What you have to do ▸ The output should be the listing below, limited to the lines from the one with "(n-5631) Villeroy&Boch Burgenland" through the one with "Cebola Palha Temperada", exact and without pictures.

Data to process ▸
----

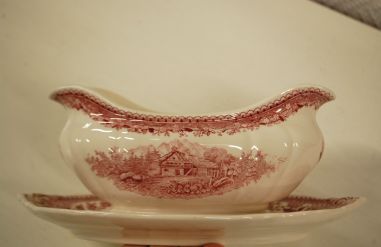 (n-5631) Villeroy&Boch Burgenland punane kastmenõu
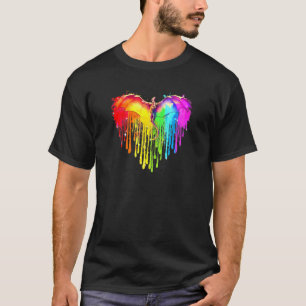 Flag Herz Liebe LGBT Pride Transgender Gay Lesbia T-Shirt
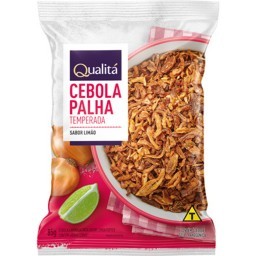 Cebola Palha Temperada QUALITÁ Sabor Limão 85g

----

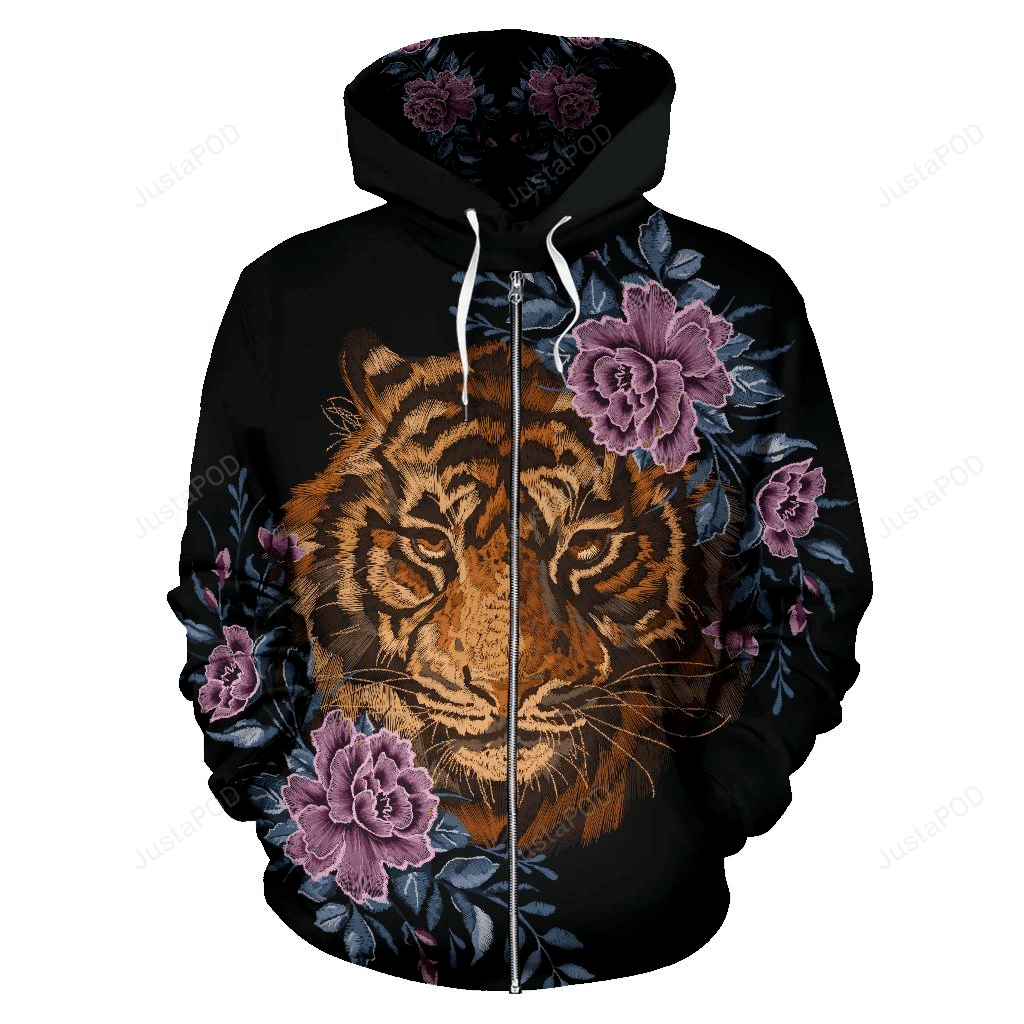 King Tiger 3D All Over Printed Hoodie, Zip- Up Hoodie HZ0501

----

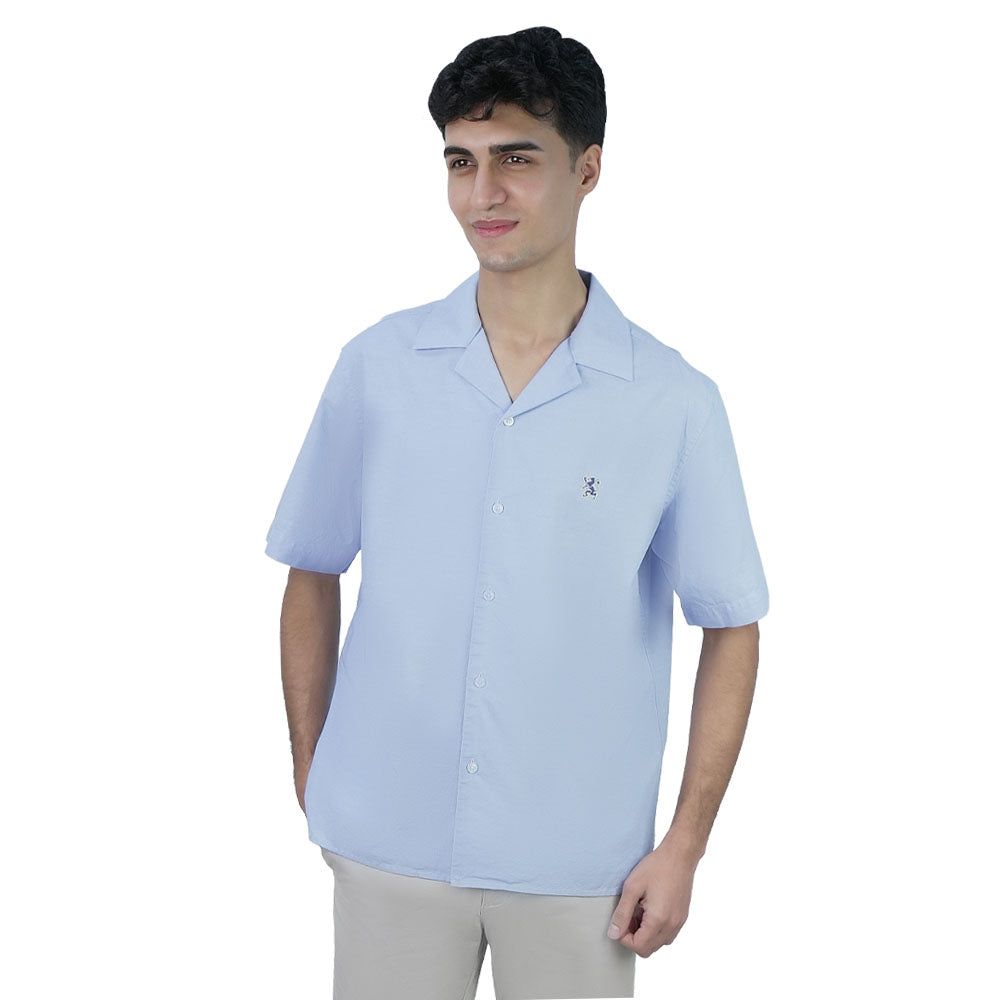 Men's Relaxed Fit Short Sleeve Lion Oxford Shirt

----

Task answer ▸
 (n-5631) Villeroy&Boch Burgenland punane kastmenõu
 Flag Herz Liebe LGBT Pride Transgender Gay Lesbia T-Shirt
 Cebola Palha Temperada QUALITÁ Sabor Limão 85g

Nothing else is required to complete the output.